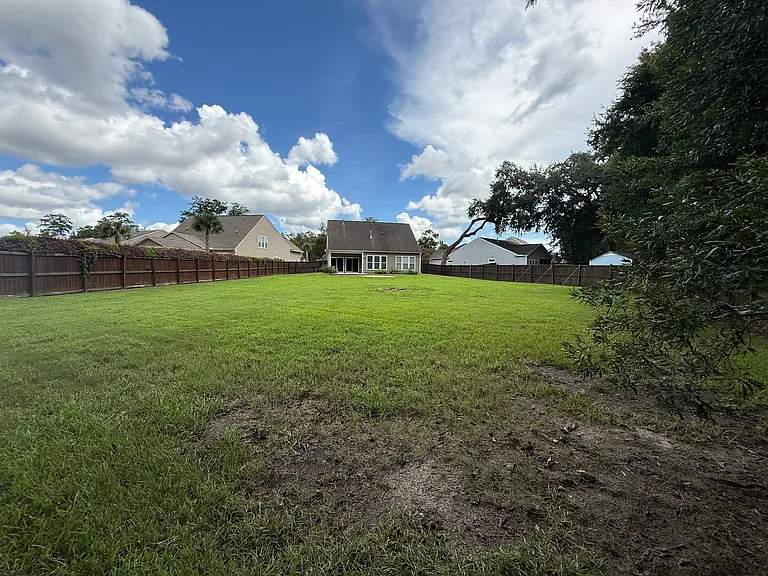 Unmatched privacy and space! This wide view highlights an expansive, flat green lawn that is absolutely perfect for outdoor activities, pets, or your dream garden setup."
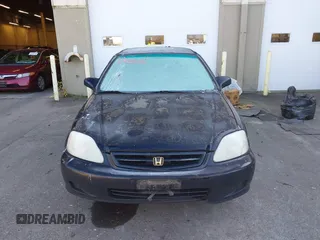 1999 Honda Civic HX with VIN 1HGEJ7120XL038544, listed as a IAAI auction lot 41425202 with 336,033 mi miles. Bid and sale history available at carsss.com. Image 12.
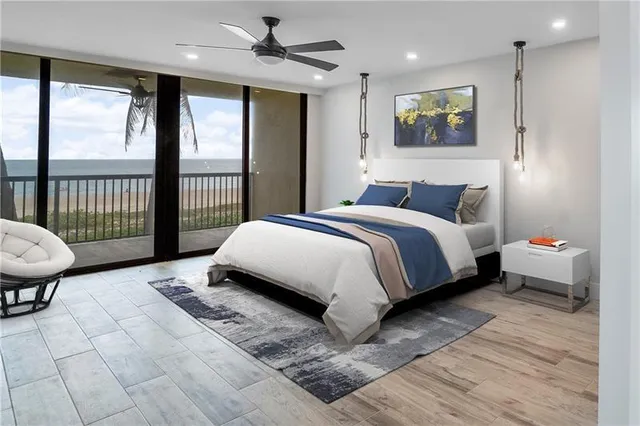 a spacious bedroom with a bed and a large window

REQUIREMENT:
In the reply, every line of the material above is to be reproduced verbatim, and the images are to be left out.

RESULT:
 Unmatched privacy and space! This wide view highlights an expansive, flat green lawn that is absolutely perfect for outdoor activities, pets, or your dream garden setup."
 1999 Honda Civic HX with VIN 1HGEJ7120XL038544, listed as a IAAI auction lot 41425202 with 336,033 mi miles. Bid and sale history available at carsss.com. Image 12.
 a spacious bedroom with a bed and a large window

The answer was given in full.